After William’s conquest of England following the invasion of 1066 the Norman barons were rewarded with vast tracts of land. Thirsk and its surrounding region formed part of the estates of the powerful Mowbray family and the building of a castle on this site was probably carried out around 1092 by Robert de Mowbray who was then Governor of Northern England. It was from Thirsk that Robert de Mowbray marched north to defeat an army of invading Scots led by their King Malcolm who was cornered and slain at Alnwick.
By the time of King Stephen (1135-1153) Thirsk Castle was the home of the young Roger de Mowbray and his widowed mother lady Gundrea de Albini. In 1138 a group of twelve monks led by Abbot Gerold arrived in Thirsk. Four years earlier they had been sent from their Savigniac monastery at Furness to found a new abbey at Calder in Cumberland, but fleeing from marauding Scots, they had come to Yorkshire to find a place to establish themselves. Gundrea sheltered them here in Thirsk before sending them on to settle at Hood on the edge of the Hambleton Hills where her uncle lived the solitary life of a hermit. It was these monks who, after several abortive attempts at establishing a permanent monastery, exchanged their Savigniac rule for the Cistercian mode and, with substantial grants of land, founded Byland Abbey in 1177.

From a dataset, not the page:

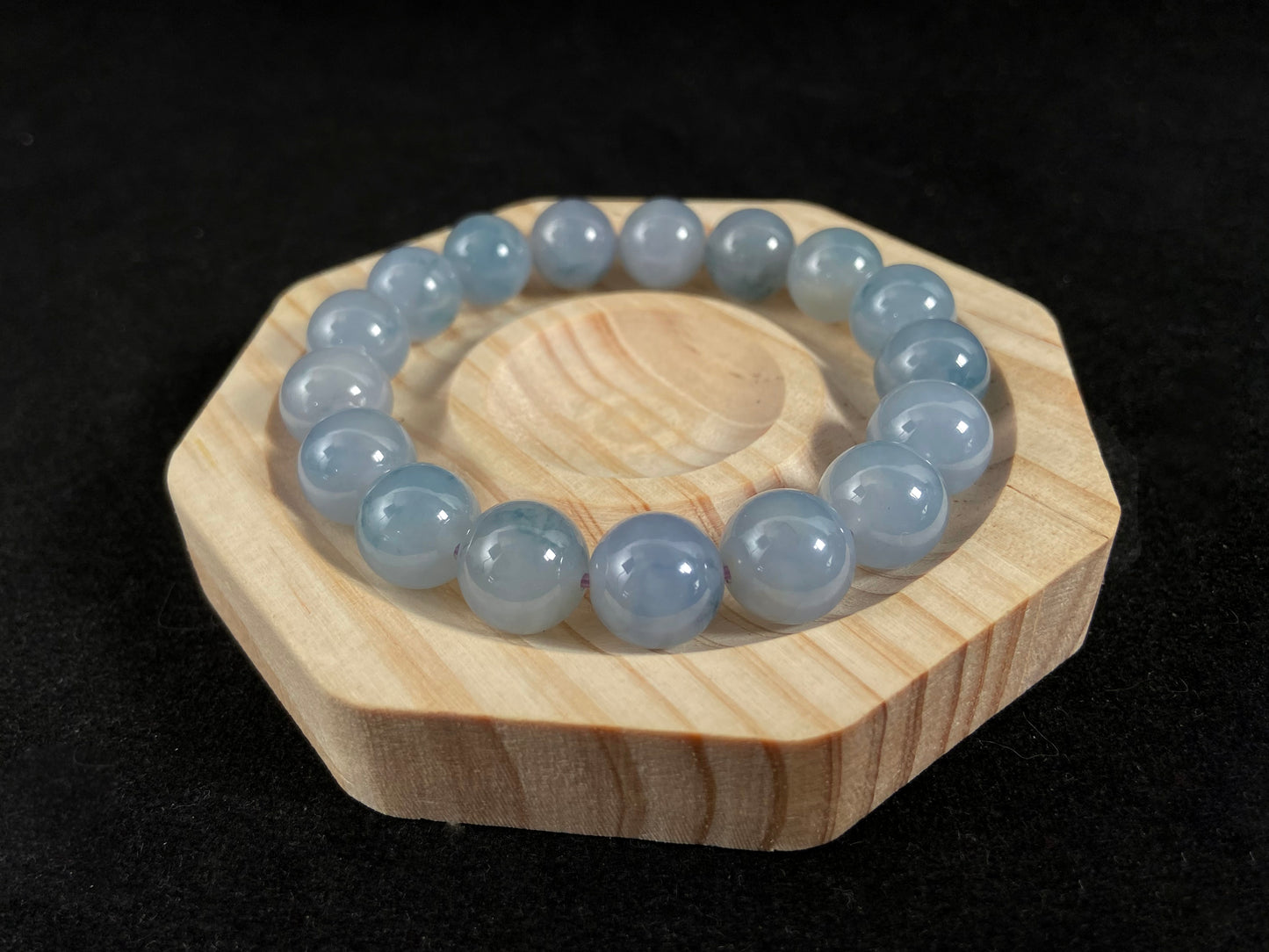 A translucent icy jade bead strand in sky blue tones with floating blue floral inclusions.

In 1138, the year the monks came to Thirsk, there was renewed fighting with the Scots who had swept through Northumberland and Durham and across the Tees. They were opposed by the Yorkshire barons led by Thurstan, Archbishop of York. To encourage the English army, the Archbishop contrived a great mast mounted on wheels, topped by a casket holding a consecrated wafer and flying the banners of the four patron saints of the North; it was to be the rallying standard in the fight that was to follow. Mustering at Thirsk, the barons marched to meet the Scots just beyond Northallerton, where the English army routed the Scots in the Battle of the Standard and drove them back beyond the Tees.
In the years that followed, Roger de Mowbray joined the party of Prince Henry in rebellion against Henry II. Roger had backed the losing side, however, and though pardoned by the King, his castles were declared forfeit and destroyed in 1176.